Toujours prêt à mener plusieurs combats de front, il fonde en 1990 l’Association canadienne-française pour l’avancement des sciences et anime une émission populaire, Les Chroniques de la science, sur Radio Canada. De quoi lui donner de nouvelles idées. Il devient conseiller scientifique pour différents documentaires destinés à la télévision. L’un est notamment consacré… aux parades nuptiales des couleuvres rayées de Narcisse, une ville du Manitoba qui abrite une forte concentration de ces charmants reptiles jaune et noir. Il travaille également pour les Productions Rivard qui réalisent Unique au monde, une série documentaire traitant de la faune de l'Ouest et du Grand Nord pour le compte de la Télévision francophone en Ontario (TFO). « C’était le début de la célébrité ! glisse-t-il, sourire en coin. Je commençais à être reconnu dans la rue. J’avais gagné mon pari : réussir à vulgariser la science. »
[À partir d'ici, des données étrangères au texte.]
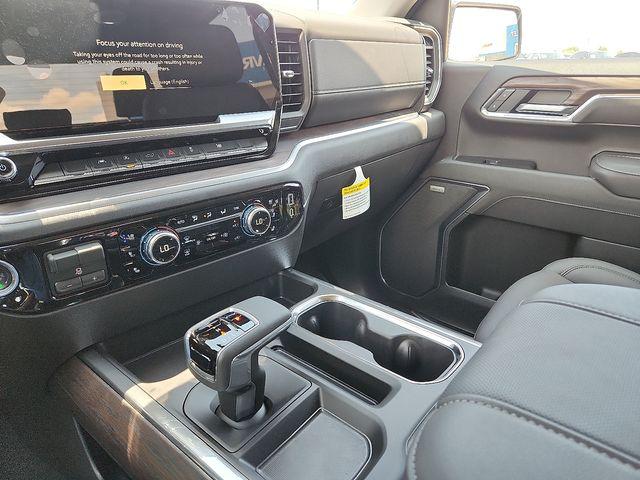 2026 GMC Sierra 1500 Crew Cab, Short Bed, SLT, RWD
Une notoriété qui lui permet d’accéder à la chaire de doyen de la faculté des arts, d’administration des affaires et des sciences de l’Université de Winnipeg. Une première : jamais un Noir ni un francophone n’avaient été nommés à ce poste. Ibrahima Diallo n’a pour autant pas oublié sa terre natale. Dès 2001, il se rend au Sénégal et au Mali pour faire connaître Saint-Boniface et l’ouvrir aux étudiants de ces deux pays. Une tâche qu’il mènera à bien dans sept autres pays du continent. Enjoué et bon vivant, Ibrahima Diallo ne s’arrêtera pas en si bon chemin, toujours prêt à s’engager dans une nouvelle bataille. Il vient d’être nommé au conseil consultatif du musée canadien des droits humains, à Winnipeg, le premier au monde dédié aux droits de l’homme. Pardon, on dit « aux droits de la personne », en bon français canadien politiquement correct. Une nouvelle cause à défendre…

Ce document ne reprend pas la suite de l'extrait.